(WHAT IS BEING ASKED) Please write out the final portion of the records below exactly: the line containing "富康公寓基础验收方案_第5页", every line after it, and nothing else.
++++ THE INPUT ++++
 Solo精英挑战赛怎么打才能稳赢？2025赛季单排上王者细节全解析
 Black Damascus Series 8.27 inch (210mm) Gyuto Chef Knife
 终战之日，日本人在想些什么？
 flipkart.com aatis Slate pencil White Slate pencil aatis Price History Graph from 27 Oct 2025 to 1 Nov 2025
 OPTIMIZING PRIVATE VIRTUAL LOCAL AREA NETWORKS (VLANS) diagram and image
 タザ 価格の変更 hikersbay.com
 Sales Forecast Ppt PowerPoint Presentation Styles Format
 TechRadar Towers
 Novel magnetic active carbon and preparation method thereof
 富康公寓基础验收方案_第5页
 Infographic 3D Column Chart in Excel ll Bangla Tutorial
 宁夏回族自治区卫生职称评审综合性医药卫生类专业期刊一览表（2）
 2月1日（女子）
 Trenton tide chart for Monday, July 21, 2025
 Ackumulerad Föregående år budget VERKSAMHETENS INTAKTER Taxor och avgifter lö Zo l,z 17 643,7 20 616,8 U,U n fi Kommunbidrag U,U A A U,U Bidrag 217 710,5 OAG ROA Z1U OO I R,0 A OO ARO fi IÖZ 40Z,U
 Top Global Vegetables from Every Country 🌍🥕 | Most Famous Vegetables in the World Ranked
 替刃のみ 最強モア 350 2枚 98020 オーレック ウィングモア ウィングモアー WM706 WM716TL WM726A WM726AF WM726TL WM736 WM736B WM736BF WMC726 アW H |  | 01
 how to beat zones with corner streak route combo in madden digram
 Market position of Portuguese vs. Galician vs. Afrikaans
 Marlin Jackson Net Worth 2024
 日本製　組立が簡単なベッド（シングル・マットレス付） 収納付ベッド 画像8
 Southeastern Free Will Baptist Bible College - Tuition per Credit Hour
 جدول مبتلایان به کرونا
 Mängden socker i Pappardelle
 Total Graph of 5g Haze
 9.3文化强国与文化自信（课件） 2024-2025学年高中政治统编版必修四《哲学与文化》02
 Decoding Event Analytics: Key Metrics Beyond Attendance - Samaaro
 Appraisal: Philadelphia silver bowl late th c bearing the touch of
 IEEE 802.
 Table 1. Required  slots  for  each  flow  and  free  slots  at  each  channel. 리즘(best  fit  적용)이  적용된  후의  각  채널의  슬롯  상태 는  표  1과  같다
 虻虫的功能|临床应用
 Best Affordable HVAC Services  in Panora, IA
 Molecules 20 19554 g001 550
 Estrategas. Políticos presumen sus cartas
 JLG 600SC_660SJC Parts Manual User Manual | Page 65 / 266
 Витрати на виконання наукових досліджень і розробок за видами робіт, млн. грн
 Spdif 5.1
++++
(TASK RESULT)
 富康公寓基础验收方案_第5页
 Infographic 3D Column Chart in Excel ll Bangla Tutorial
 宁夏回族自治区卫生职称评审综合性医药卫生类专业期刊一览表（2）
 2月1日（女子）
 Trenton tide chart for Monday, July 21, 2025
 Ackumulerad Föregående år budget VERKSAMHETENS INTAKTER Taxor och avgifter lö Zo l,z 17 643,7 20 616,8 U,U n fi Kommunbidrag U,U A A U,U Bidrag 217 710,5 OAG ROA Z1U OO I R,0 A OO ARO fi IÖZ 40Z,U
 Top Global Vegetables from Every Country 🌍🥕 | Most Famous Vegetables in the World Ranked
 替刃のみ 最強モア 350 2枚 98020 オーレック ウィングモア ウィングモアー WM706 WM716TL WM726A WM726AF WM726TL WM736 WM736B WM736BF WMC726 アW H |  | 01
 how to beat zones with corner streak route combo in madden digram
 Market position of Portuguese vs. Galician vs. Afrikaans
 Marlin Jackson Net Worth 2024
 日本製　組立が簡単なベッド（シングル・マットレス付） 収納付ベッド 画像8
 Southeastern Free Will Baptist Bible College - Tuition per Credit Hour
 جدول مبتلایان به کرونا
 Mängden socker i Pappardelle
 Total Graph of 5g Haze
 9.3文化强国与文化自信（课件） 2024-2025学年高中政治统编版必修四《哲学与文化》02
 Decoding Event Analytics: Key Metrics Beyond Attendance - Samaaro
 Appraisal: Philadelphia silver bowl late th c bearing the touch of
 IEEE 802.
 Table 1. Required  slots  for  each  flow  and  free  slots  at  each  channel. 리즘(best  fit  적용)이  적용된  후의  각  채널의  슬롯  상태 는  표  1과  같다
 虻虫的功能|临床应用
 Best Affordable HVAC Services  in Panora, IA
 Molecules 20 19554 g001 550
 Estrategas. Políticos presumen sus cartas
 JLG 600SC_660SJC Parts Manual User Manual | Page 65 / 266
 Витрати на виконання наукових досліджень і розробок за видами робіт, млн. грн
 Spdif 5.1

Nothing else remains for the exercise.